What you need is a camera that has a manual focus option - this does not work if you can't vary the focus. I set up a tripod that looked down my track where I have a wooden bridge with my 4-4-0 on the track and a Pacific in the background. I took 50 shots using a slightly different focus setting, then processed then thru Helicon Focus. Here is the result, first a shot showing the normal one shot picture then the one where the 50 shots were processed thru Helicon Focus. 

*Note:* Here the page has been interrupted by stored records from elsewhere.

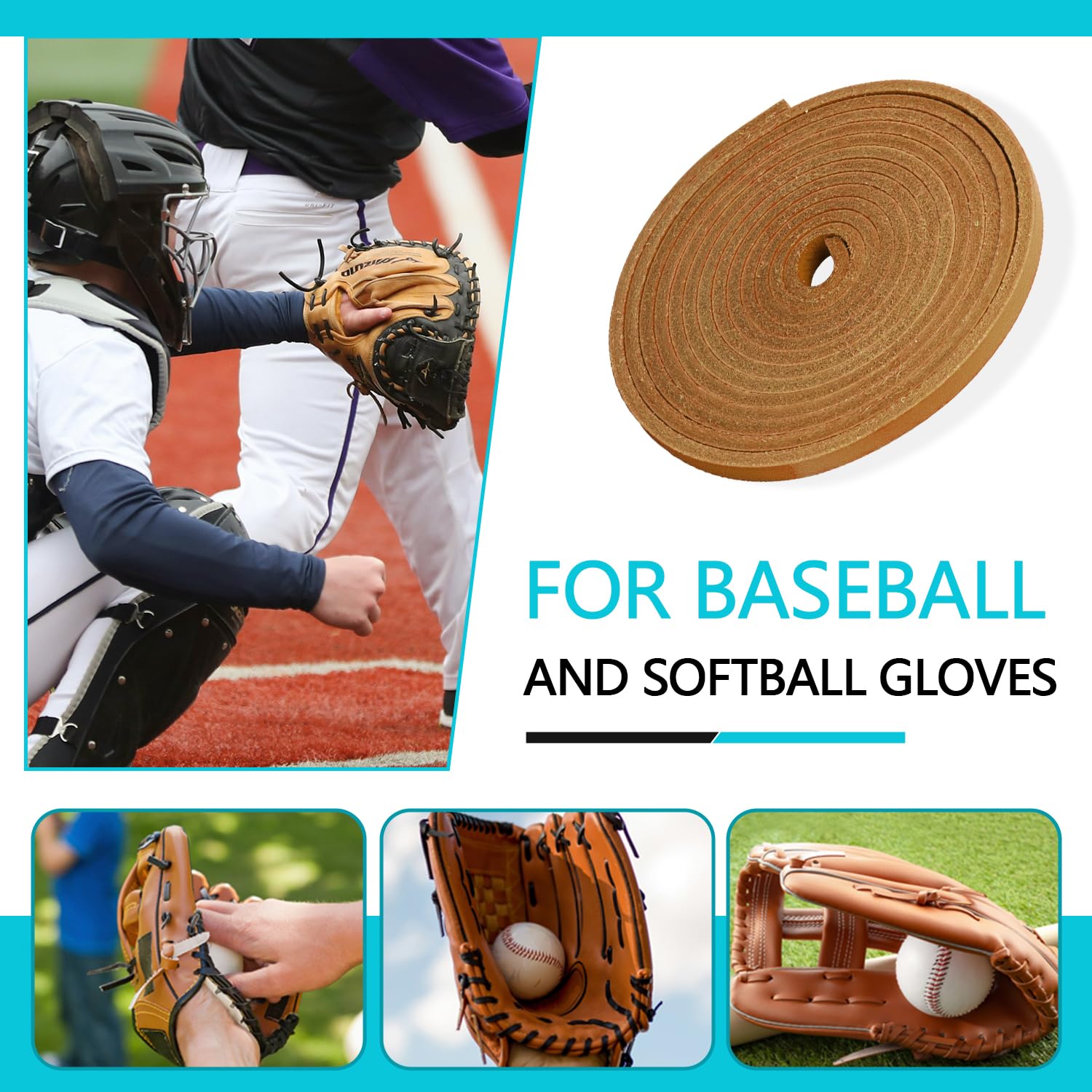 Kit di riparazione per guanti da baseball, guanti in pizzo, 2 lacci in pelle e 2 aghi per legare guanti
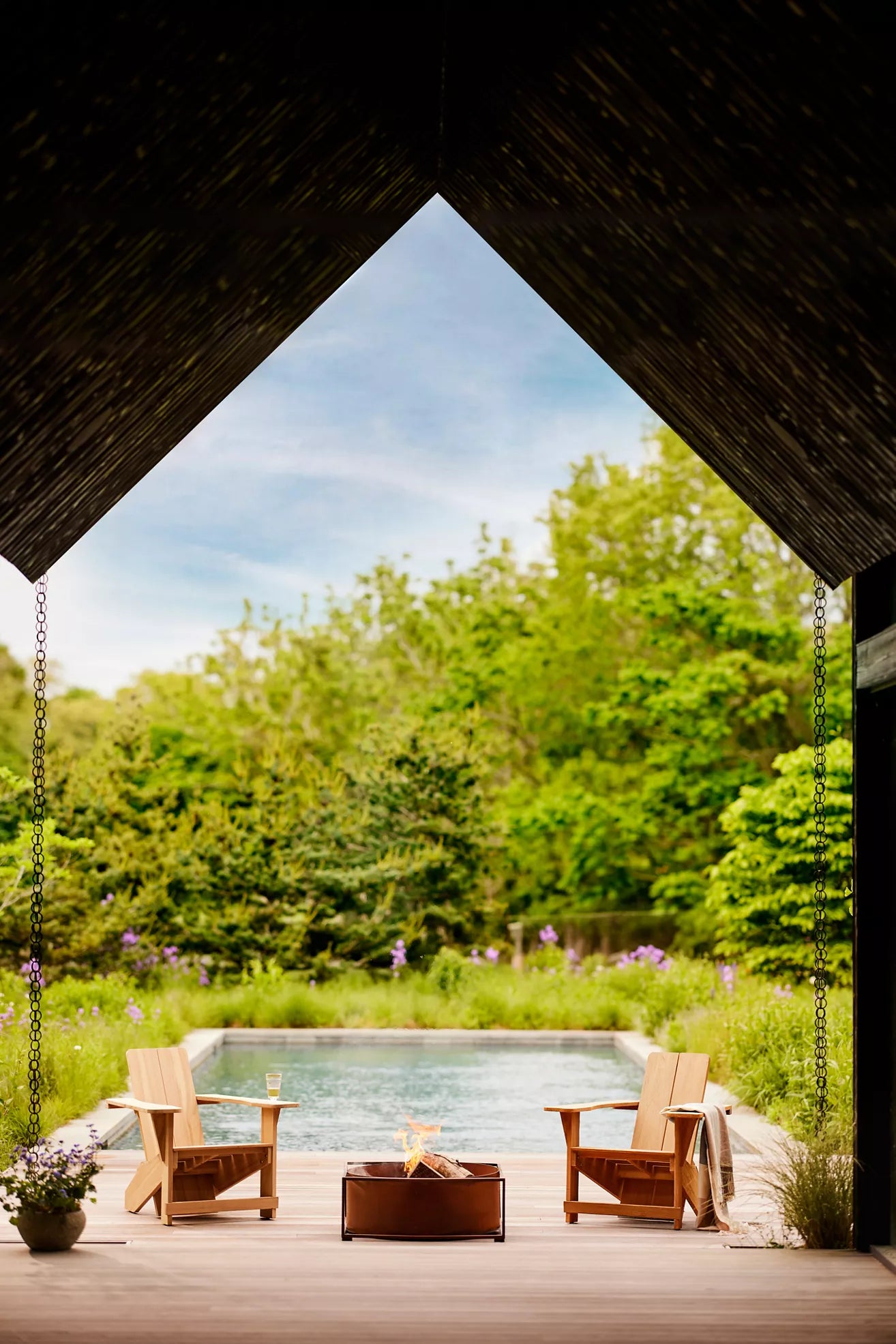 Weathering Steel Framed Cylinder Fire Pit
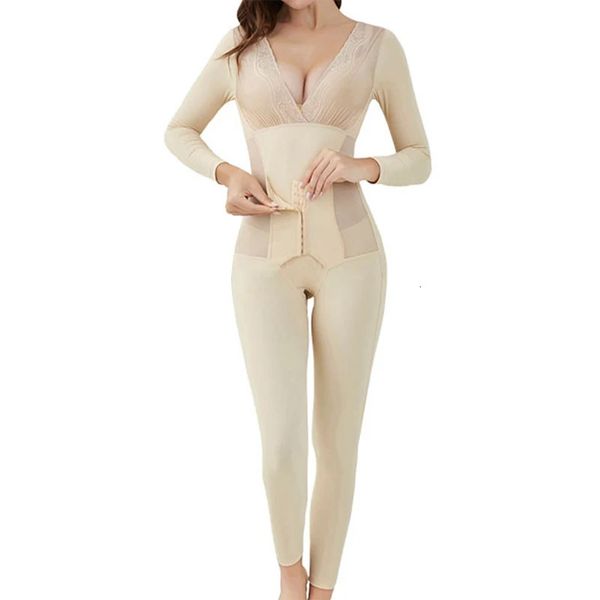 Formadores de mujeres Longitud completa Shapewear Body Mujeres Body Shapers Adelgaza la ropa interior de encaje con cuello en V Corpiño sexy Entrepierna abierta 231219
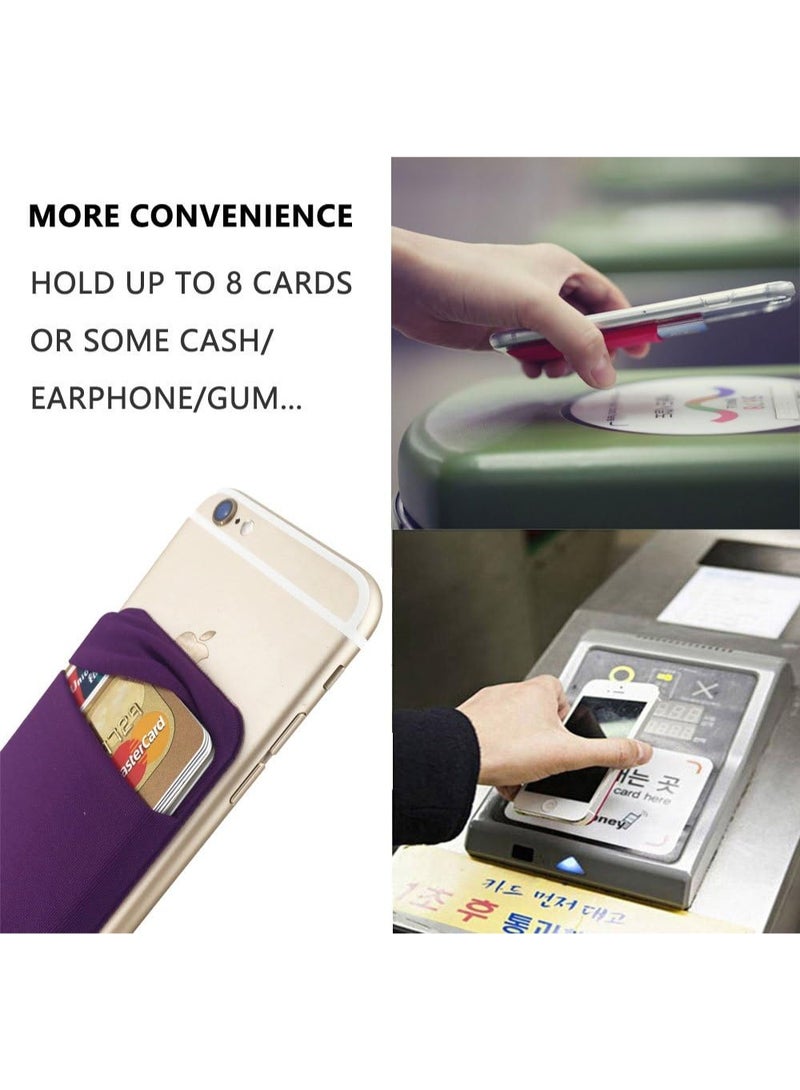 Phone Back Card Holder, Card Wallet with Flap Closure, Elastic Credit Card Holder, ID Card Sleeve for Phone Back, Adhesive Wallet with Flip Cover, Simple and Stylish, Convenient Storage - Image 4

One of the advantages of Helicon Focus (it has a 30 day trial and and under $50 purchase price - I have no connection to this software) is that it can operate in raw camera files (besides JPG's and then output DNG format files. (If you are not familiar with raw camera outputs or DNG don't worry you don't need to use it). Having a really great DOF in your model pictures just makes them look that much more realistic.


----------



## Mark VerMurlen (Aug 15, 2015)

Very nice results! Having the right tool for the job works wonders. I'll have to give this a try myself.

Mark


----------



## Fire21 (Mar 9, 2014)

Hey, that IS cool. The multi shots really lightens things up too...the top pic is pretty dark on the loco.


----------



## Lemonhawk (Sep 24, 2013)

I lightened up the final result to make the color more natural and correct for the LED light bulbs from the ceiling fan. I did not mess with the single picture to correct that since it was not something that would be printed. The actual photos were all raw olympus output (ORF files) with the Helicon Focus processed output in DNG format (a raw format that has a non-proprietary format). Lightroom was used to tweak the color. The file size of the output file was 44.1 mb where as the file size of one of the input files was 11.1 mb. The actual output file remains sharp even as you crop or zoom in, another effect of the focus stacking - increased pixels! You also have control of the background as you can simply not include any photos that have the background in focus. All sorts of things to be messed with. This was my 2nd attempt at doing focus stacking so the learning curve is short! First attempt was on a flower outside that bobbing back and forth it the wind and I used too few photos. I then remember the reason I wanted to do this was to take pictures of the trains - not the flowers!


----------